To be honest, it takes more code to simulate these data then it does to write it out in NIMBLE. To fit the model to the data we simulated above we need to write out the model using NIMBLE’s syntax and then prepare all the necessary objects to supply to the model. To do this we’ll load the nimble package, as well as MCMCvis, which provides some excellent model summary tools.


library(nimble)
library(MCMCvis)

# a static occupancy model in 13 lines of code!
occ_1 <- nimble::nimbleCode({
# latent state and data models, in that order
for(i in 1:nsite){
z[i] ~ dbern(psi)
for(j in 1:nvisit){
y[i,j]  ~ dbern(z[i] * rho)
}
}
# parameter models
psi ~ dbeta(1,1)
rho ~ dbeta(1,1)
}
)

# set up function for initial values,
# including latent state
my_inits <- function(){
list(
psi = rbeta(1,1,1),
rho = rbeta(1,1,1),
z = rep(1, nsite)
)
}

# set up constant list
my_constants <- list(
nsite = nsite,
nvisit = J
)

# and data list
my_data <- list(
y = y
)

# fit the model
model_1 <- nimble::nimbleMCMC(
occ_1,
constants = my_constants,
data = my_data,
inits = my_inits,
monitors = c("psi", "rho"),
niter = 15000,
nburnin = 7500,
nchains = 2
)

# look at the model summary
MCMCvis::MCMCsummary(
model_1,
digits= 2
)

mean    sd 2.5%  50% 97.5% Rhat n.eff
psi 0.82 0.055 0.71 0.82  0.92    1  2852
rho 0.36 0.029 0.30 0.36  0.42    1  1827


As a reminder, we set $$\Psi = 0.75$$ and $$\rho = 0.35$$, which both fall within the 95% credible intervals of this model. So in general, it looks like we did a decent job estimating species occupancy and detectability!

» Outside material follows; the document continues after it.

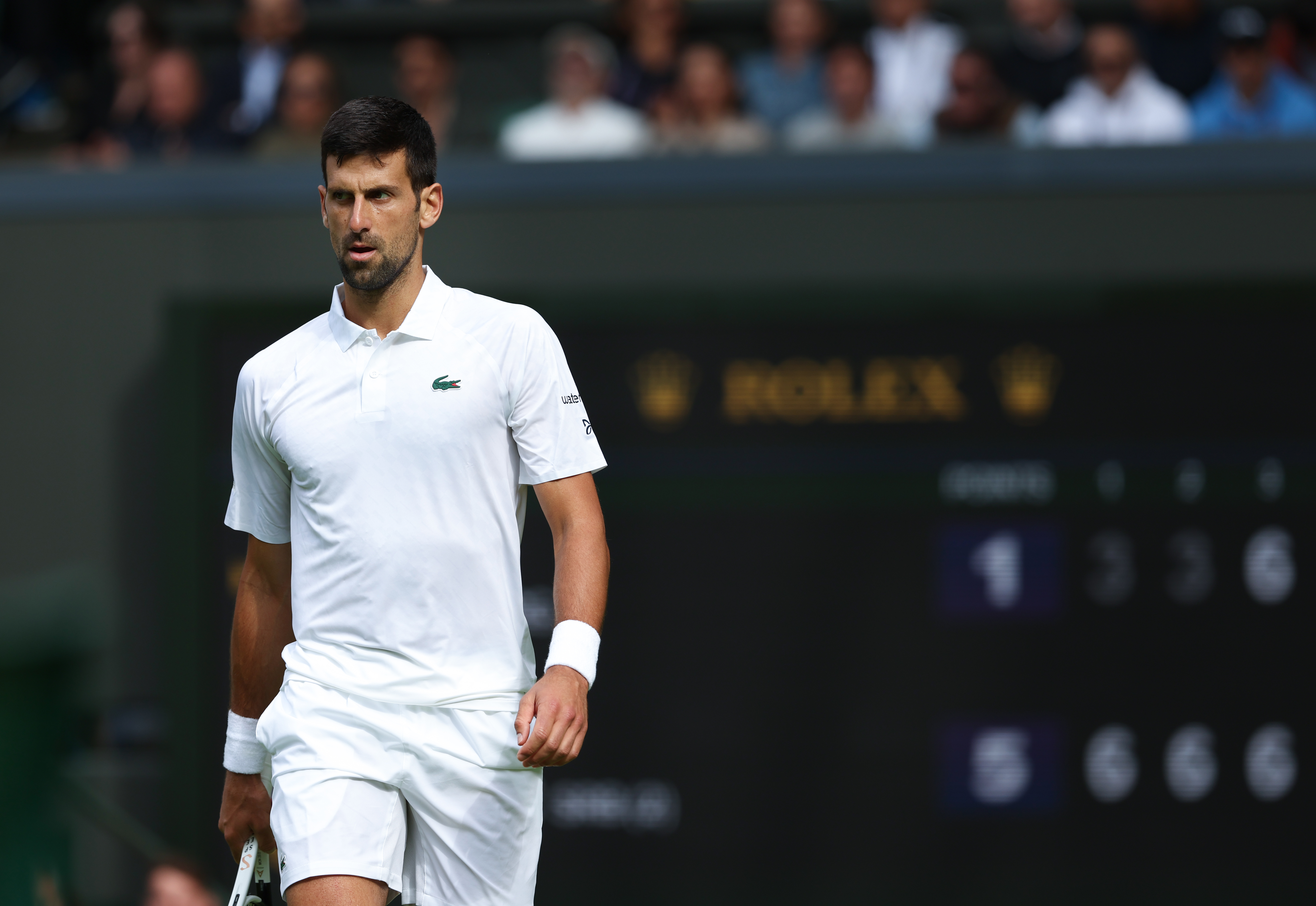 When has Novak Djokovic lost at Wimbledon?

## Model 2: a static occupancy model with a Binomial at the observation level

Again, this model is almost completely identical, we mostly just need to summarize the data in a slightly different way. In fact, the model estimates are essentially identical!

occ_2 <- nimbleCode({
# latent state and data models, in that order
for(i in 1:nsite){
z[i] ~ dbern(psi)
r[i]  ~ dbin(z[i] * rho, nvisit)
}
# parameter models
psi ~ dbeta(1,1)
rho ~ dbeta(1,1)
}
)

# set up function for initial values,
# including latent state
my_inits <- function(){
list(
psi = rbeta(1,1,1),
rho = rbeta(1,1,1),
z = rep(1, nsite)
)
}

# set up constant list
my_constants <- list(
nsite = nsite,
nvisit = J
)

# and data list, taking rowSums of y matrix
my_data <- list(
r = rowSums(y)
)

# fit the model
model_2 <- nimble::nimbleMCMC(
occ_2,
constants = my_constants,
data = my_data,
inits = my_inits,
monitors = c("psi", "rho"),
niter = 15000,
nburnin = 7500,
nchains = 2
)

# look at model output
MCMCvis::MCMCsummary(
model_2,
digits= 2
)

mean    sd 2.5%  50% 97.5% Rhat n.eff
psi 0.82 0.056 0.71 0.82  0.92    1  2832
rho 0.36 0.030 0.30 0.36  0.42    1  1840



In my own research I almost always use the second model with camera trap data. The reason for this is that repeat observation ‘days’ for a camera are essentially equivalent, so there is little to no need to use the independent Bernoulli parameterization.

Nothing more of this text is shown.